→ Aim of the exercise:
The only acceptable output is every entry, printed exactly.
--- Source material Enclosed Below ---
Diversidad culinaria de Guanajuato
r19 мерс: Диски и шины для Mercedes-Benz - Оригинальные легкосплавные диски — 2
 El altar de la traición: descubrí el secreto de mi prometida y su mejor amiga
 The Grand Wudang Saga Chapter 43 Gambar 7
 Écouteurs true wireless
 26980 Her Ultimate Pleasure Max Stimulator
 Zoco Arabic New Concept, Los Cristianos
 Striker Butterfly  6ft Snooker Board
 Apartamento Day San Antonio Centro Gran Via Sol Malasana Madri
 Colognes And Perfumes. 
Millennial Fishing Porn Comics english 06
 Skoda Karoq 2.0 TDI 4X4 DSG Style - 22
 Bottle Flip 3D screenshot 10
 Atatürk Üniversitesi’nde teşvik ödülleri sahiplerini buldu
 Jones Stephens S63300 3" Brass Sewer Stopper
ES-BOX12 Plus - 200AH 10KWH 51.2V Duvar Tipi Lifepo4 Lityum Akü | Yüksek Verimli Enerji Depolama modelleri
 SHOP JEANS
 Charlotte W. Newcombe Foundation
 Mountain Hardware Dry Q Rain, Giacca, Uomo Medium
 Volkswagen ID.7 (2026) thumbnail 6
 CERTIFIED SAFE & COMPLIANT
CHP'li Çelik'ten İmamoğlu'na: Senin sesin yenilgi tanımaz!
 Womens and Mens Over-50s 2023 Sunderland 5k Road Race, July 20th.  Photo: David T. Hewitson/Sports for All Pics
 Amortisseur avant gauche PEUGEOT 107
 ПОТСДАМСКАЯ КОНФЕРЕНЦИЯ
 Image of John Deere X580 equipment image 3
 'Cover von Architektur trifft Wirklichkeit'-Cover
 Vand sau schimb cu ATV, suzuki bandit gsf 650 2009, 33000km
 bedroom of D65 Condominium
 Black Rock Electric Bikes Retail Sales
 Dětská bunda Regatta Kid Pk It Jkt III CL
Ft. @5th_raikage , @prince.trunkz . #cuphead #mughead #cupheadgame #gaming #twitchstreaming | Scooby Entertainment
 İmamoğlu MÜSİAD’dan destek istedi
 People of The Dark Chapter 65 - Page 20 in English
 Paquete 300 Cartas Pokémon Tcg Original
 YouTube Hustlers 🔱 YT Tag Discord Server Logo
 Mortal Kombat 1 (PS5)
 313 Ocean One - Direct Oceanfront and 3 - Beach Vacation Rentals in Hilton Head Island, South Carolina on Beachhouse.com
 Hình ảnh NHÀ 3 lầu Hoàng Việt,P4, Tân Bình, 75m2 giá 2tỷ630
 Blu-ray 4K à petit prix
--- End of Enclosed Source material ---
→ Exercise answer:
Diversidad culinaria de Guanajuato
r19 мерс: Диски и шины для Mercedes-Benz - Оригинальные легкосплавные диски — 2
 El altar de la traición: descubrí el secreto de mi prometida y su mejor amiga
 The Grand Wudang Saga Chapter 43 Gambar 7
 Écouteurs true wireless
 26980 Her Ultimate Pleasure Max Stimulator
 Zoco Arabic New Concept, Los Cristianos
 Striker Butterfly  6ft Snooker Board
 Apartamento Day San Antonio Centro Gran Via Sol Malasana Madri
 Colognes And Perfumes. 
Millennial Fishing Porn Comics english 06
 Skoda Karoq 2.0 TDI 4X4 DSG Style - 22
 Bottle Flip 3D screenshot 10
 Atatürk Üniversitesi’nde teşvik ödülleri sahiplerini buldu
 Jones Stephens S63300 3" Brass Sewer Stopper
ES-BOX12 Plus - 200AH 10KWH 51.2V Duvar Tipi Lifepo4 Lityum Akü | Yüksek Verimli Enerji Depolama modelleri
 SHOP JEANS
 Charlotte W. Newcombe Foundation
 Mountain Hardware Dry Q Rain, Giacca, Uomo Medium
 Volkswagen ID.7 (2026) thumbnail 6
 CERTIFIED SAFE & COMPLIANT
CHP'li Çelik'ten İmamoğlu'na: Senin sesin yenilgi tanımaz!
 Womens and Mens Over-50s 2023 Sunderland 5k Road Race, July 20th.  Photo: David T. Hewitson/Sports for All Pics
 Amortisseur avant gauche PEUGEOT 107
 ПОТСДАМСКАЯ КОНФЕРЕНЦИЯ
 Image of John Deere X580 equipment image 3
 'Cover von Architektur trifft Wirklichkeit'-Cover
 Vand sau schimb cu ATV, suzuki bandit gsf 650 2009, 33000km
 bedroom of D65 Condominium
 Black Rock Electric Bikes Retail Sales
 Dětská bunda Regatta Kid Pk It Jkt III CL
Ft. @5th_raikage , @prince.trunkz . #cuphead #mughead #cupheadgame #gaming #twitchstreaming | Scooby Entertainment
 İmamoğlu MÜSİAD’dan destek istedi
 People of The Dark Chapter 65 - Page 20 in English
 Paquete 300 Cartas Pokémon Tcg Original
 YouTube Hustlers 🔱 YT Tag Discord Server Logo
 Mortal Kombat 1 (PS5)
 313 Ocean One - Direct Oceanfront and 3 - Beach Vacation Rentals in Hilton Head Island, South Carolina on Beachhouse.com
 Hình ảnh NHÀ 3 lầu Hoàng Việt,P4, Tân Bình, 75m2 giá 2tỷ630
 Blu-ray 4K à petit prix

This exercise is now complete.